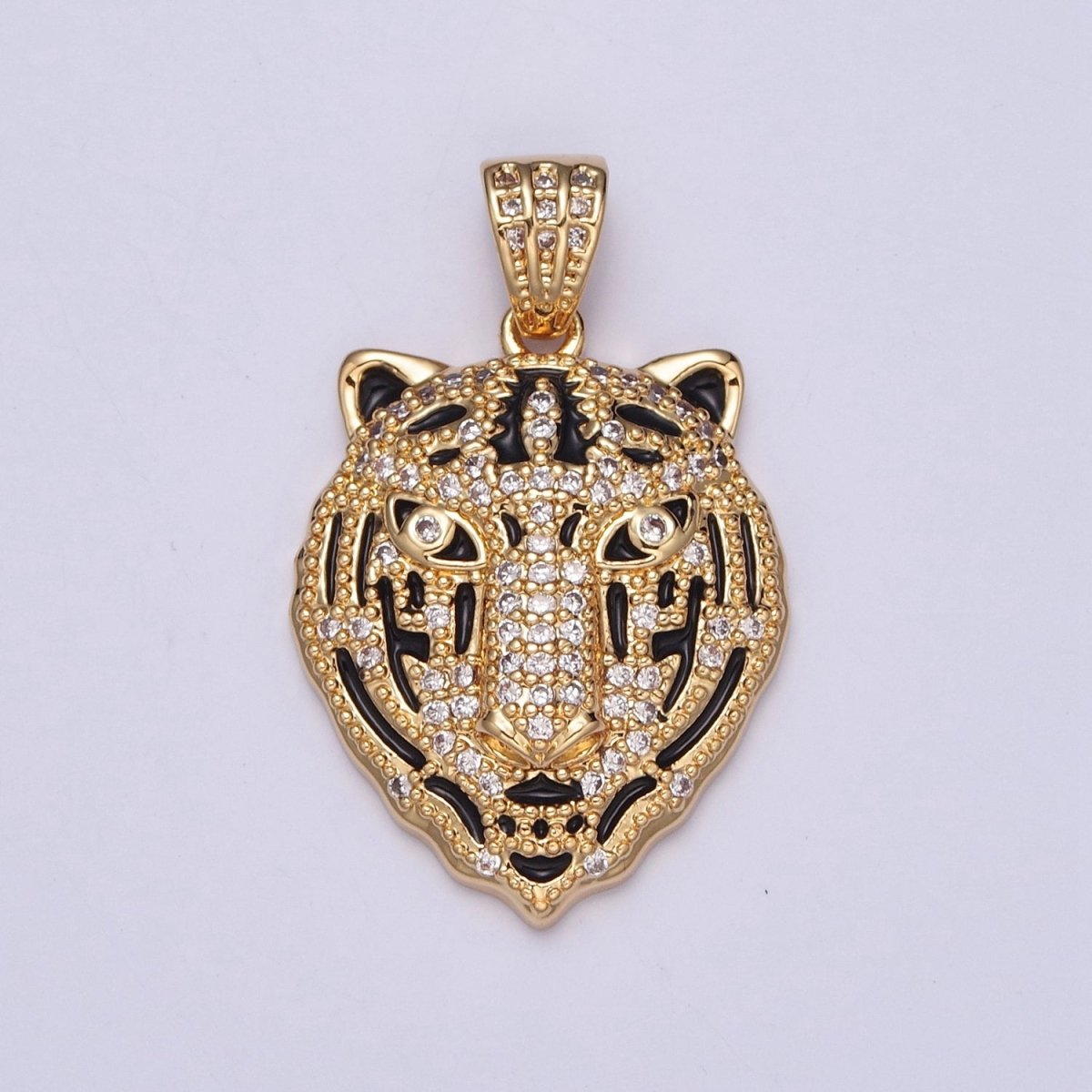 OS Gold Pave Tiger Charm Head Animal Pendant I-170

++++++++++

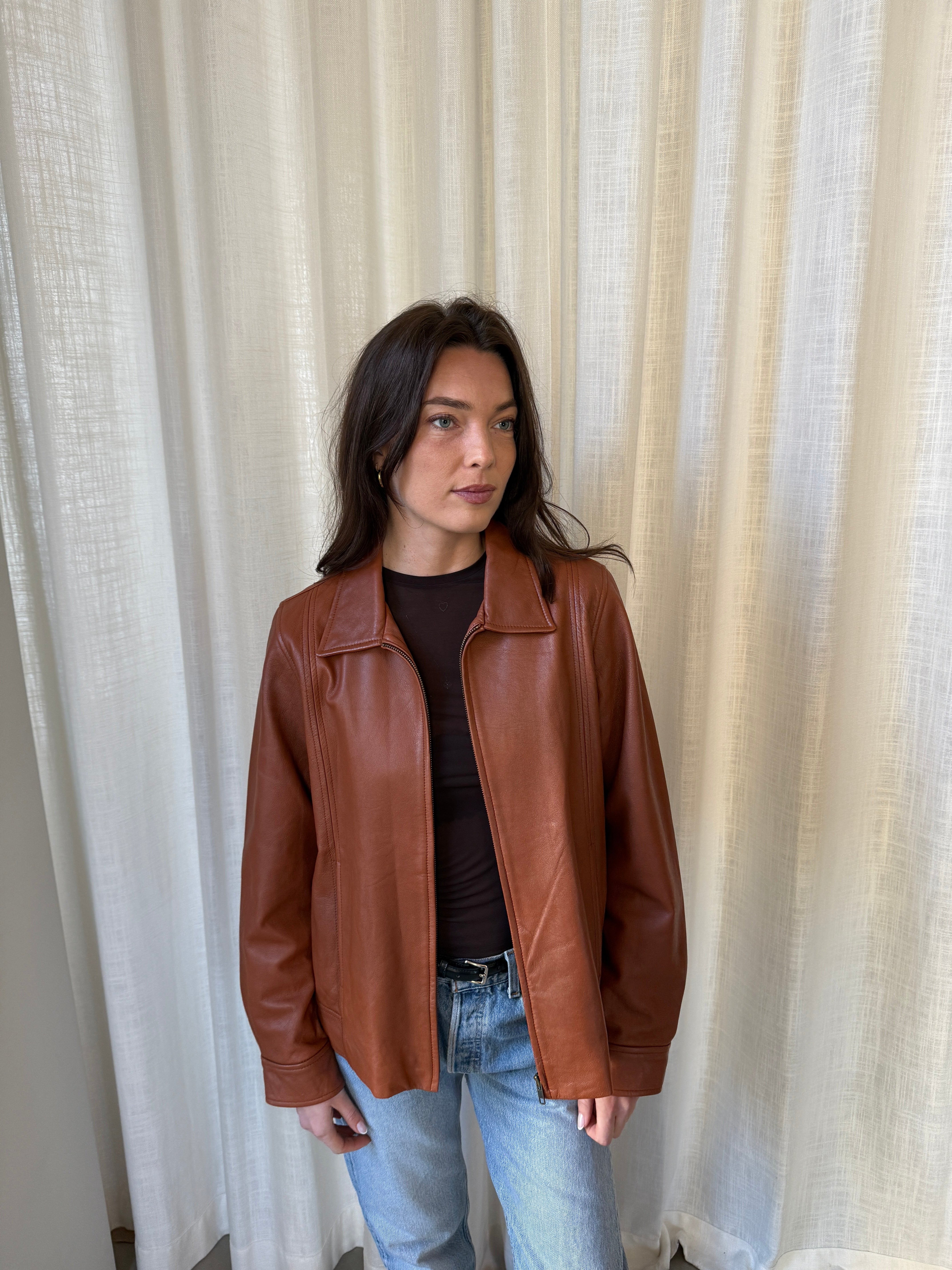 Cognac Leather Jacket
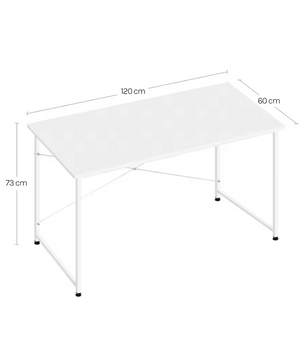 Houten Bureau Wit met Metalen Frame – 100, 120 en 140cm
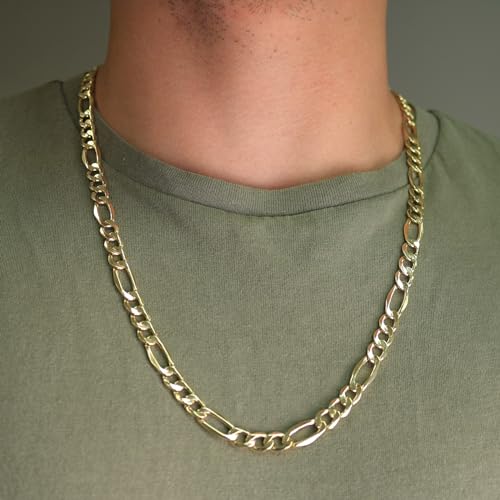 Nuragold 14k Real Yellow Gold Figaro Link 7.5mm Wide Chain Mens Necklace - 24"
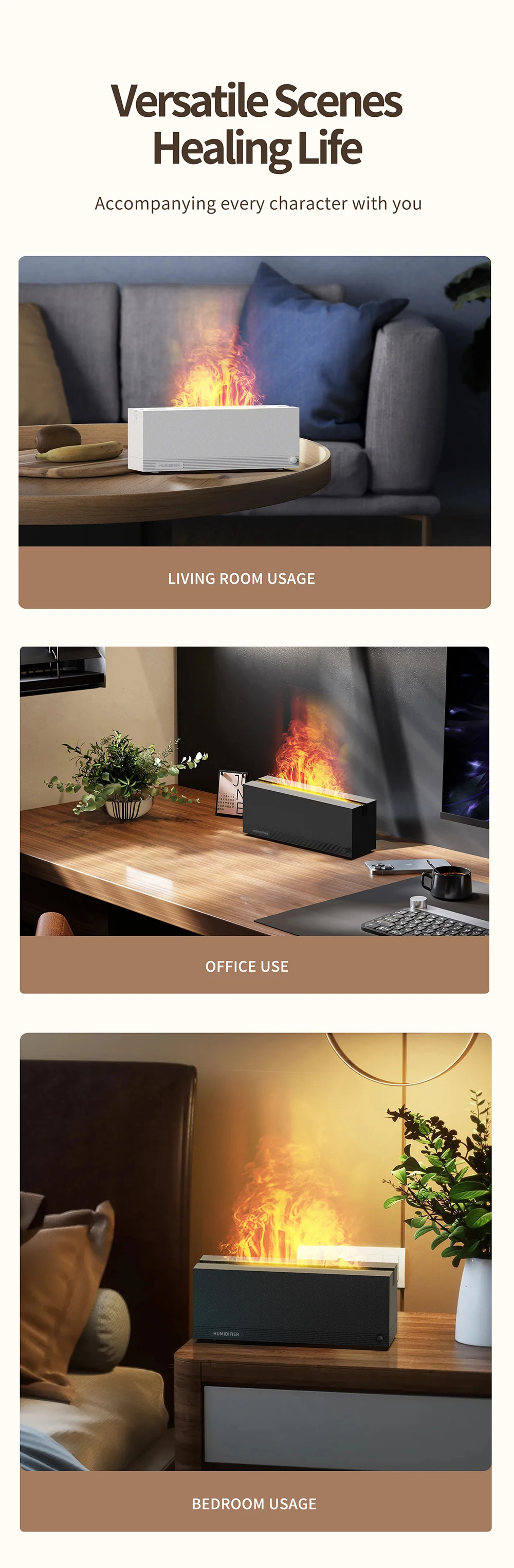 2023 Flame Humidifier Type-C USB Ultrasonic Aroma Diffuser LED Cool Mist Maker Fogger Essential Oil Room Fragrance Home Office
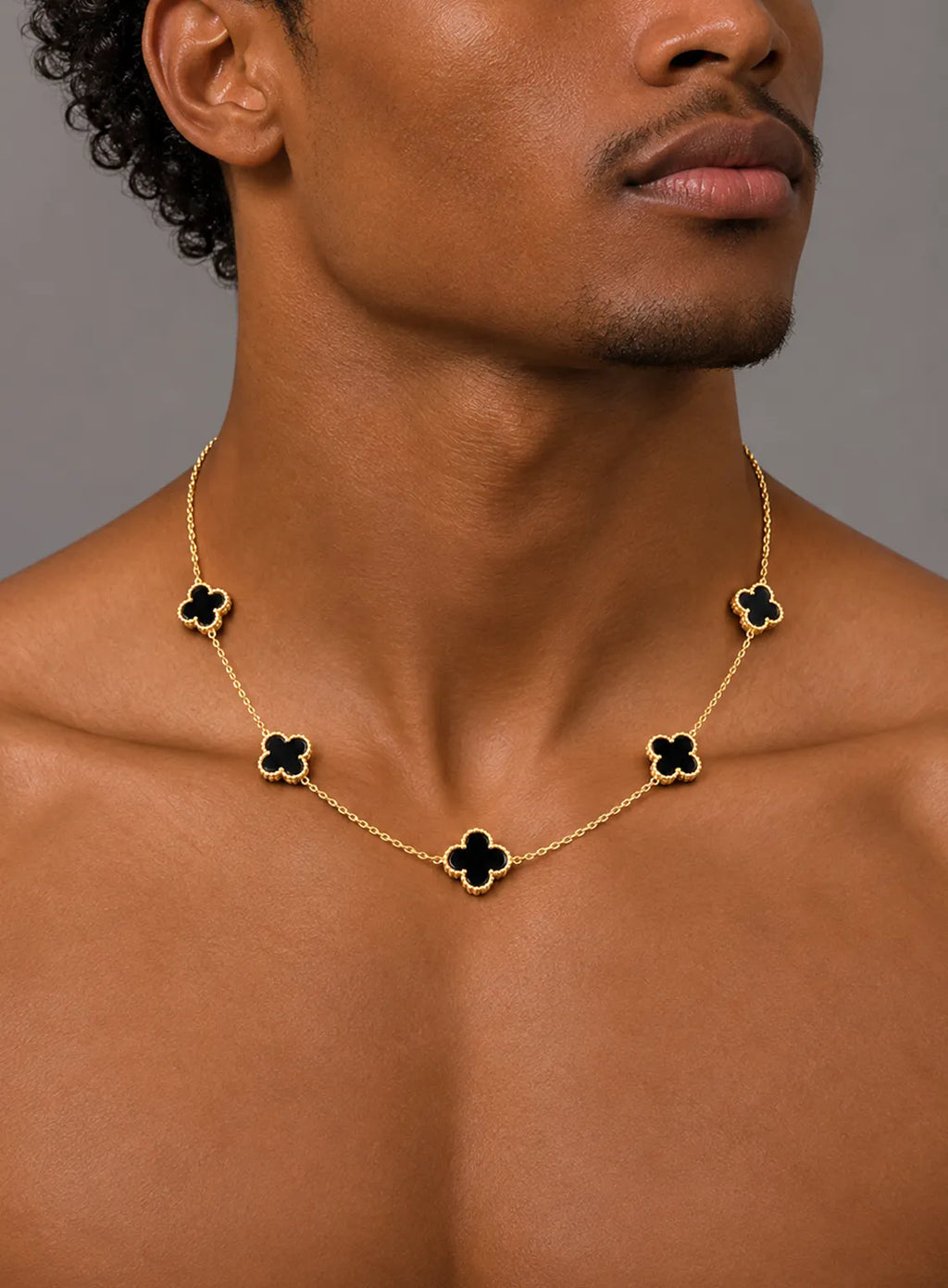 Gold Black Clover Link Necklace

++++++++++

■ Task requirements: Only one stretch of the material above is wanted: the line containing "Cognac Leather Jacket" through the line containing "Gold Black Clover Link Necklace". Restate it word for word, minus the pictures.

■ Solution for this exercise:
 Cognac Leather Jacket
 Houten Bureau Wit met Metalen Frame – 100, 120 en 140cm
 Nuragold 14k Real Yellow Gold Figaro Link 7.5mm Wide Chain Mens Necklace - 24"
 2023 Flame Humidifier Type-C USB Ultrasonic Aroma Diffuser LED Cool Mist Maker Fogger Essential Oil Room Fragrance Home Office
 Gold Black Clover Link Necklace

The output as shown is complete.